It will be noticed that this by its terms applies only to mining and public service corporations; and it is argued by the defendant that, as this section is made by its terms to apply to public service corporations, we should conclude that the other sections were not so intended. We think, however, that the use of the term "mining or public service corporation" in this section, instead of being intended to make it more inclusive, was intended to make it less inclusive, so as to exclude from its operation private corporations other than mining corporations. If the framers of the Constitution had intended this section to apply to all corporations they would have doubtless followed the phraseology of the sections immediately preceding, and section *670 43, immediately succeeding, and the fact that they excluded all other corporations, except those mentioned, instead of supporting the position of the defendant, it seems to us militates against it. On the face of the Constitution alone, therefore, it seems to us that public service corporations are included within the provisions of this section 43. This conclusion is also supported by the definition of "corporation" in section 1 of this article.
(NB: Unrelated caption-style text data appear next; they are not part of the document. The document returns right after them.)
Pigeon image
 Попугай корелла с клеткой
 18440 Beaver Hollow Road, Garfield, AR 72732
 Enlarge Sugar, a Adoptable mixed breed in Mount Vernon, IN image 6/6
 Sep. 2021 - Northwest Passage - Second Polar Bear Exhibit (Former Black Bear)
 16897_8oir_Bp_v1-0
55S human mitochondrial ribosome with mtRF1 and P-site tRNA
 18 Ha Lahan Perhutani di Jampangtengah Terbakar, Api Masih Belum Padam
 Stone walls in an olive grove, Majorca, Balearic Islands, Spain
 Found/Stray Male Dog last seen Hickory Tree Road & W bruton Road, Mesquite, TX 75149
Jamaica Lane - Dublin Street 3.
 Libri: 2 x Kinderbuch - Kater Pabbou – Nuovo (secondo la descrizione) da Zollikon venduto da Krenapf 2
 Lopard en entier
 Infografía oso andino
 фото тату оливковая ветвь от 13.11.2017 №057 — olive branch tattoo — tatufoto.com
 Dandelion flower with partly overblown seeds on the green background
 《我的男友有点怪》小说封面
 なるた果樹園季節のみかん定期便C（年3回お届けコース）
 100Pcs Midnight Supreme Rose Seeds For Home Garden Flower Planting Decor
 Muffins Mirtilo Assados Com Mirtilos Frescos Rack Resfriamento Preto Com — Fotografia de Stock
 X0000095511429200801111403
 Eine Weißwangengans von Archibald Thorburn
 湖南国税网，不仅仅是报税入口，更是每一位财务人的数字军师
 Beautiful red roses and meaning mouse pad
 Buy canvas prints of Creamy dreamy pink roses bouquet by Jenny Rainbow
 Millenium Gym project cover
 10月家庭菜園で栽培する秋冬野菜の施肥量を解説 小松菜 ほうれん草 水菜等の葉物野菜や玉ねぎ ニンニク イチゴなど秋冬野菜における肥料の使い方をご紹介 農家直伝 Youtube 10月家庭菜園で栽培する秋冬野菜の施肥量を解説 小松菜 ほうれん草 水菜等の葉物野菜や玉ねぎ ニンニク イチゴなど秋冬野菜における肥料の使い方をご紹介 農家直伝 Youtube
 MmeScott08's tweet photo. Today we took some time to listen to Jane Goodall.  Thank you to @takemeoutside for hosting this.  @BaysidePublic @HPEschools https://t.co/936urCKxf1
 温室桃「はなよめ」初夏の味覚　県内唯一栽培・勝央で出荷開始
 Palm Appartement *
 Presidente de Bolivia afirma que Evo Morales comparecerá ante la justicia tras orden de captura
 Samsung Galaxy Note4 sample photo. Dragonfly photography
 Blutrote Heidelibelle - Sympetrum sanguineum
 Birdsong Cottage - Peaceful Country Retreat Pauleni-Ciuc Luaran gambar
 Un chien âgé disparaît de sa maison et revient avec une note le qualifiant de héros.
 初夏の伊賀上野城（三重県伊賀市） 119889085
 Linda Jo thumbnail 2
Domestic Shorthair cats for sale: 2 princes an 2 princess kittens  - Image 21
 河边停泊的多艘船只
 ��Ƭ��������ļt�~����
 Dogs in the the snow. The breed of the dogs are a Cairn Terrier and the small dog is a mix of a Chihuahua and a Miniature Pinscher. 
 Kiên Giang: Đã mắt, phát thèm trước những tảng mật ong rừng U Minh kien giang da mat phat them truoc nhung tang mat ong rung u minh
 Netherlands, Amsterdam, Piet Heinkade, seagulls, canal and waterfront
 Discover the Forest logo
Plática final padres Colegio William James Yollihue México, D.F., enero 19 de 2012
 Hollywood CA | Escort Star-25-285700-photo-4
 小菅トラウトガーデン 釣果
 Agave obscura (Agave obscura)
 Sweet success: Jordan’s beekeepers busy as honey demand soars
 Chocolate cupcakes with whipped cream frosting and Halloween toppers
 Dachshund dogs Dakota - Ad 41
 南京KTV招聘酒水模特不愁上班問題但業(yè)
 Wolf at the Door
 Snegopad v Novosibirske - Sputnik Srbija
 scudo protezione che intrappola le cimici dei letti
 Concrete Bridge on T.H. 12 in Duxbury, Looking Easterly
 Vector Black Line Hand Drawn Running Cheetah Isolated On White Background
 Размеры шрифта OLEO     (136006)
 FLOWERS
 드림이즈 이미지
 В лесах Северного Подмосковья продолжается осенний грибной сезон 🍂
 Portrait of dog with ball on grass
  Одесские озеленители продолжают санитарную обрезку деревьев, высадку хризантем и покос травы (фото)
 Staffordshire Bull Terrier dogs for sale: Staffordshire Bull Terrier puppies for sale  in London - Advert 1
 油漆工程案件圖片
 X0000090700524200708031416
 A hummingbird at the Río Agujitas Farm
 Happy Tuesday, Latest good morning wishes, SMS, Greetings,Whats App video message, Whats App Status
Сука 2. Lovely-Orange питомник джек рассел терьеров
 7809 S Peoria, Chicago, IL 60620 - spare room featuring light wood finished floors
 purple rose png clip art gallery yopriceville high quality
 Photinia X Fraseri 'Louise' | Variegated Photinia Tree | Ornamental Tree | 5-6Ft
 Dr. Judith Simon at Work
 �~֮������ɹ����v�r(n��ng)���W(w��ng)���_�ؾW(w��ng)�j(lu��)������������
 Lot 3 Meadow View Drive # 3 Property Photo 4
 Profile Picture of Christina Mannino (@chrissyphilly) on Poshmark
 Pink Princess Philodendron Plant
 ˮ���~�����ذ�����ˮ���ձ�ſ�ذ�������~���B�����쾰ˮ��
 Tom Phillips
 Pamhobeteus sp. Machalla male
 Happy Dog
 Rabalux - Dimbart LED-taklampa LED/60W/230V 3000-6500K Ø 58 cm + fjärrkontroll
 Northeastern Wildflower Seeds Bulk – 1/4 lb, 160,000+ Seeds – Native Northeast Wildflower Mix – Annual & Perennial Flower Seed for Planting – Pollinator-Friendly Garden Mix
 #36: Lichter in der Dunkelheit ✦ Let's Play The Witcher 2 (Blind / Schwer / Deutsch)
But it is argued that the first Legislature by the enactment of the statute which has been quoted placed legislative construction on this section of the Constitution which we should follow, and there would be much force in this argument were it not for the fact that a careful analysis of the legislative act indicates clearly that it is entitled to no weight whatever, as a construction of the Constitution, because it prescribes a rule different in many particulars from that embodied in the Constitution. The section relating to transportation and transmission companies. (Comp. Laws 1909, sec. 5584, supra) differs from the Constitution in that it does not permit such companies to be sued in the county where the plaintiff resides. Sections 5587 and 5589 are as follows:

"In addition to the other counties in which an action may be brought against a non-resident of this state, or a foreign corporation, such action may be brought in any county in which there may be property of, or debts owing to such defendant, or where such defendant may be found; if such defendant be a foreign insurance company the action may be brought in any county where such cause of action, or any part thereof, arose, or where the plaintiff resides or where such company has an agent."

"Every other action must be brought in the county in which the defendant, or some one of the defendants, reside or may be summoned."

It will be observed from an analysis of these two sections that foreign insurance companies are the only ones which may be sued in the county where the plaintiff resides, and that every other foreign corporation must be sued in the county where it may have property, or where its service agent may be found. *671 This is in plain conflict with the Constitution, even under the construction given it by the defendant, as it does not permit private corporations, except insurance companies, to be sued in the county where the plaintiff resides. Instead, therefore, of the legislative construction adding weight to the argument of the defendant, it is apparent that it was framed without an understanding of the provision of the Constitution, and that both in respect to railroads and to private foreign corporations it announces a rule in conflict with the Constitution. We conclude, therefore, that the district court of McIntosh county had jurisdiction of the cause of action on account of the fact that the plaintiff resided in that county.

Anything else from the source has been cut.